Saving time and money through a web scraping browser extension
Scraping web pages is one of the most effective ways to retrieve data from the web. On the other hand, every web page is different, and extracting data from it programmatically requires a scraping script involving custom logic.
Building such a script costs you time and money. Luckily, many scraping services that allow you to scrape the web with just a bunch of clicks have been recently developed. So, you no longer have to write code to achieve your data extraction goals!
Here, you will learn how to extract data from a media article with Listly, a scraping service that contacted me to test their product and review it honestly. Let’s jump into the article!
A media articles generally consist of:
Not surprisingly, the most important information here is the text of the article, but also images and videos are important. In particular, when dealing with multimedia files, you have to take into account that they might be protected by copyright. And if you want to avoid problems, you might be asked to indicate where the multimedia file comes from. So, retrieving the information about the source and author of an image or a video is crucially important.

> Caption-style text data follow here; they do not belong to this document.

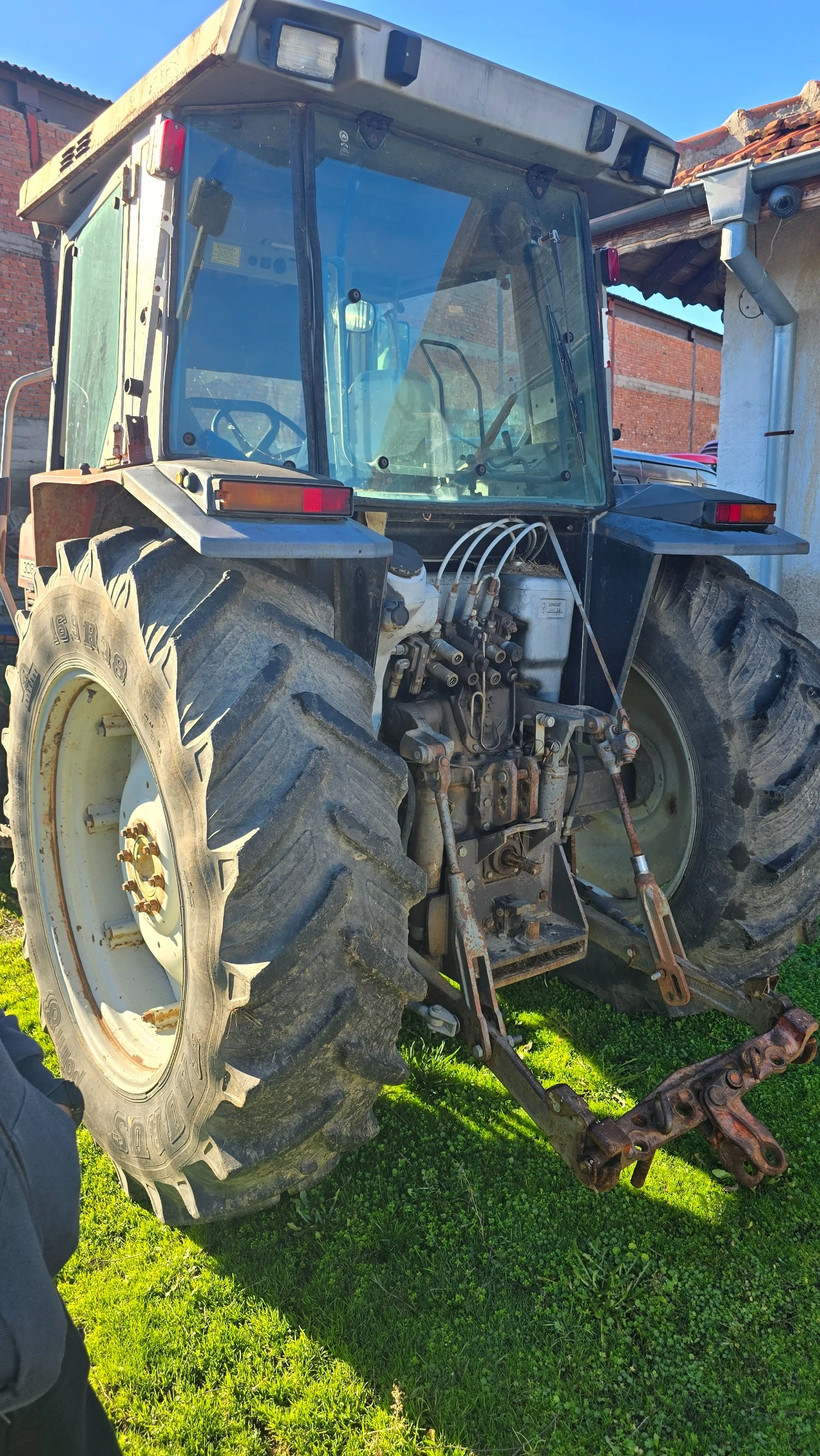 Трактор Massey 3080 (5642 часа)  - изображение 4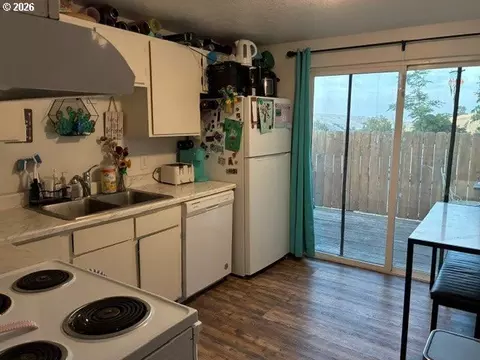 Kitchen - 608 SE 7th St, Pendleton, OR 97801 photo 1 of 1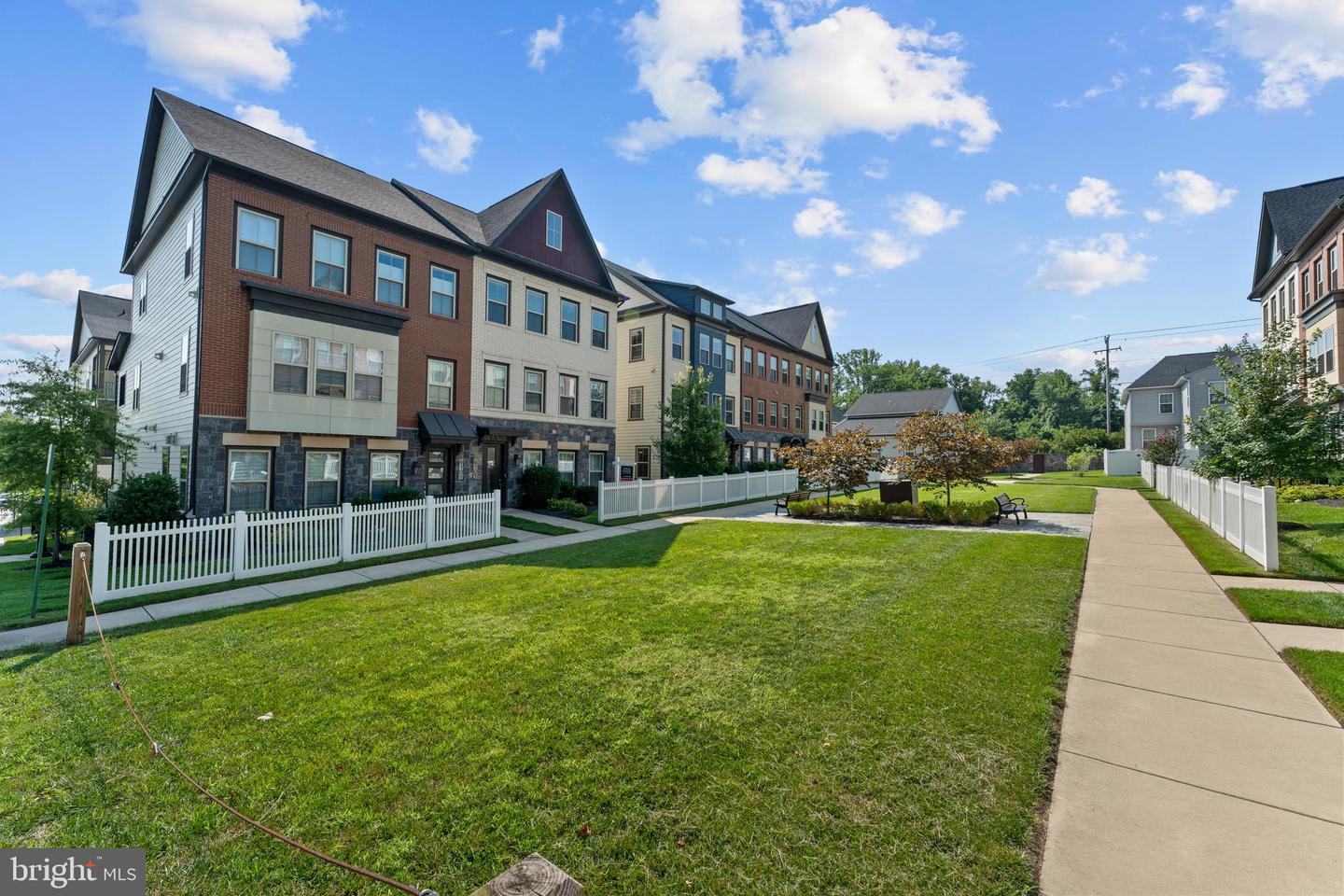6105 OLIVET DR, ALEXANDRIA, Virginia 22315, 3 Bedrooms Bedrooms, ,3 BathroomsBathrooms,Residential,For sale,6105 OLIVET DR,VAFX2257196 MLS # VAFX2257196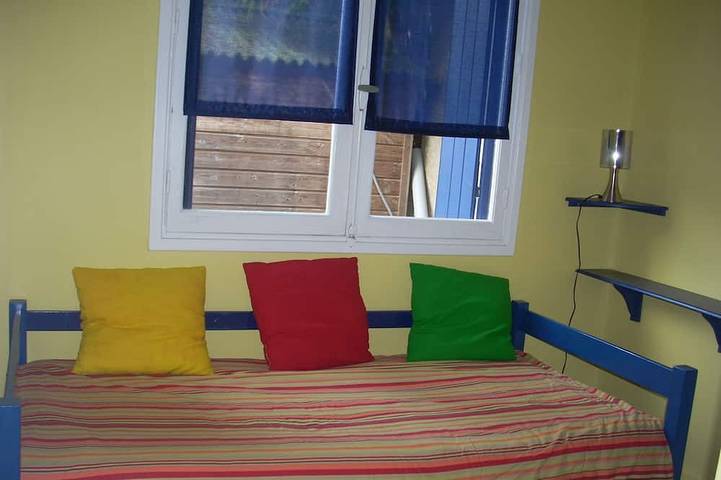 Location de vacances pour 6 personnes, avec terrasse et jardin dans Courlay Sur Mer - 2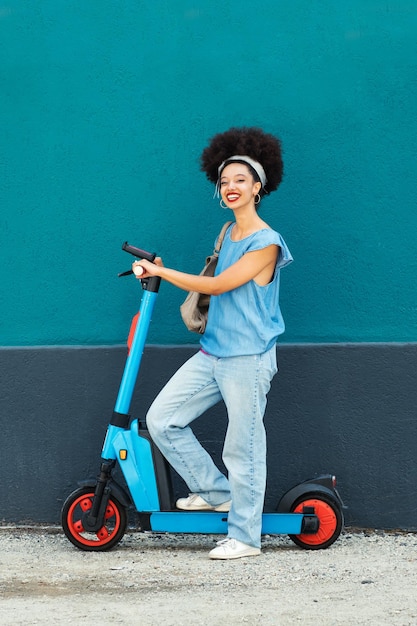 Foto giovane donna marocchina su uno scooter elettrico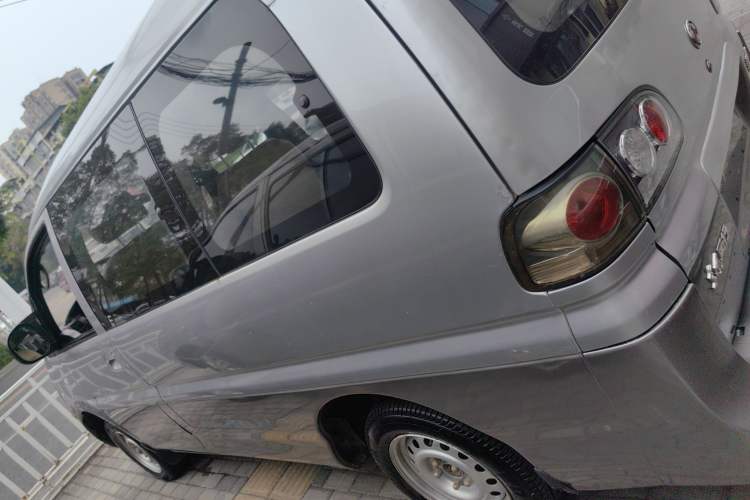 Used FORTHING Lingzhi 2015 V3 1.5L 7-Seater Luxury Model
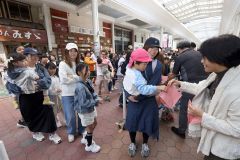開会セレモニー後には先着100人にお菓子セットをプレゼントする企画もあり、子どもたちが列を作った(助川かおる通信員撮影)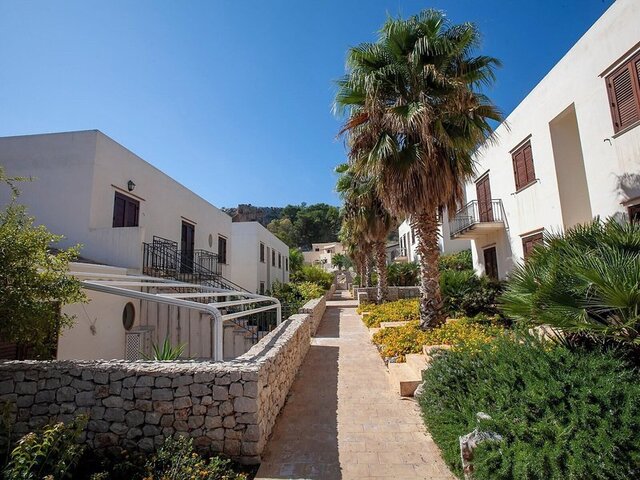 Villaggio Cala Mancina ★★★★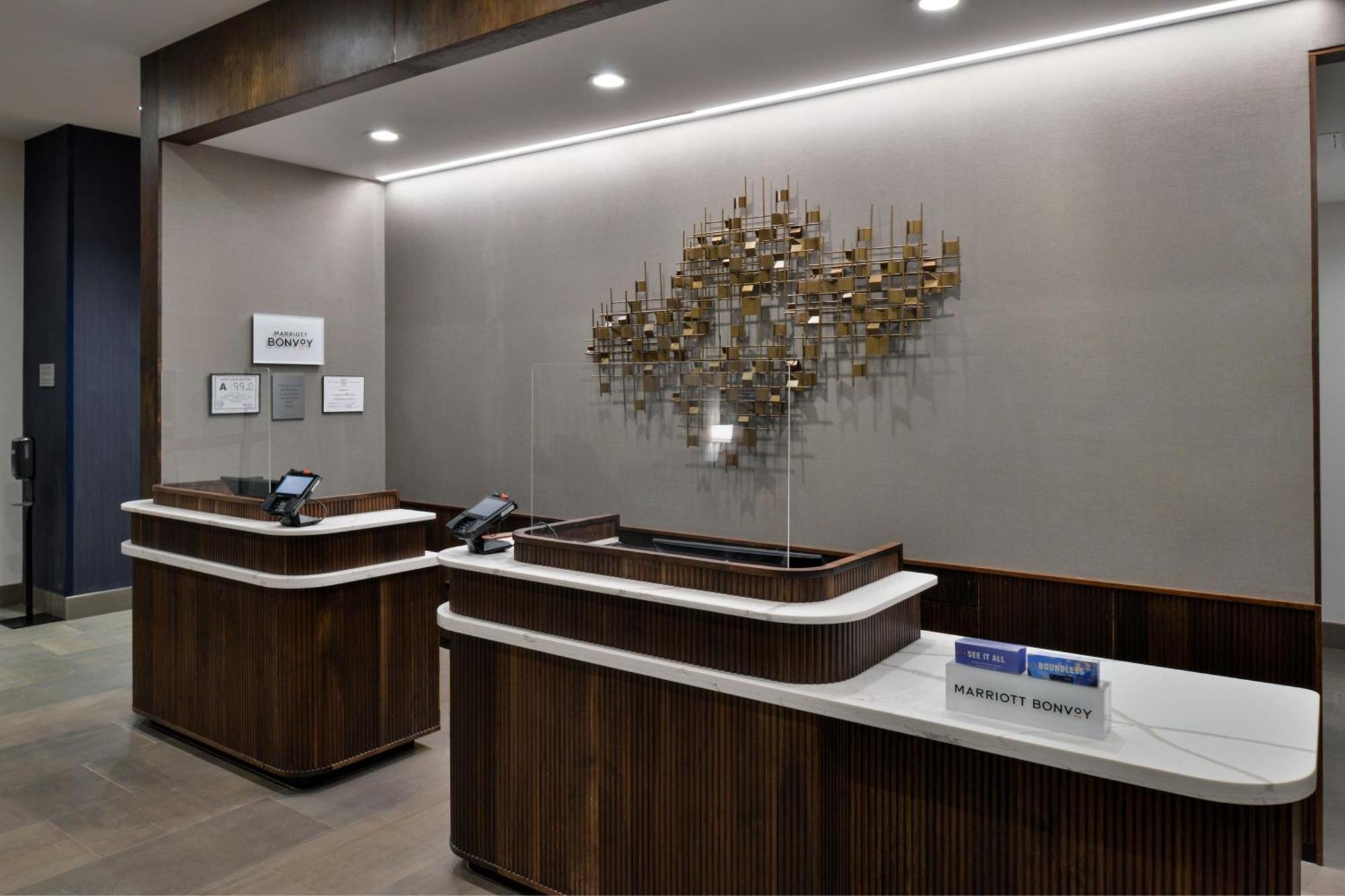 Courtyard By Marriott Raleigh Cary Crossroads Hotel Buitenkant foto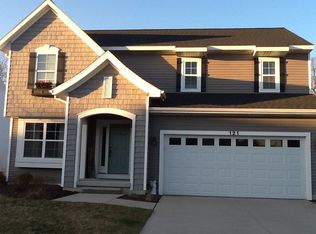 121 Rindle Bluff Dr, Portland, MI 48875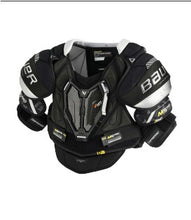 Load image into Gallery viewer, Bauer M5 Pro Shoulder Pads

Then, you can use all this info to create a news aggregator app, add a news section to your website or app, study how a media article may change over time for marketing purposes, create a data source for your machine learning algorithm to study how language works, or simply share the article to your friends.
Now, let’s delve into the tool chosen to scrape data from media articles.
“Listly is a Web Scraping Service for everyone from non-technical marketers to advanced developers. It turns web pages into an Excel spreadsheet within seconds. The extracted data is used for retail, research, big data, and other data-related works.” — FAQ — Listly.io
The recommended way to use Listly is through the official Chrome extension, which has already been downloaded by more than 60k users.
But let’s not waste any more time and learn how to use Listly to scrape data from media articles.
Let’s learn how to scrape data from media articles with Listly in a step-by-step tutorial with images.
1. Getting started with Listly
First, you need a Listly account. Visit this page, fill out the form, and click on “SIGN UP”.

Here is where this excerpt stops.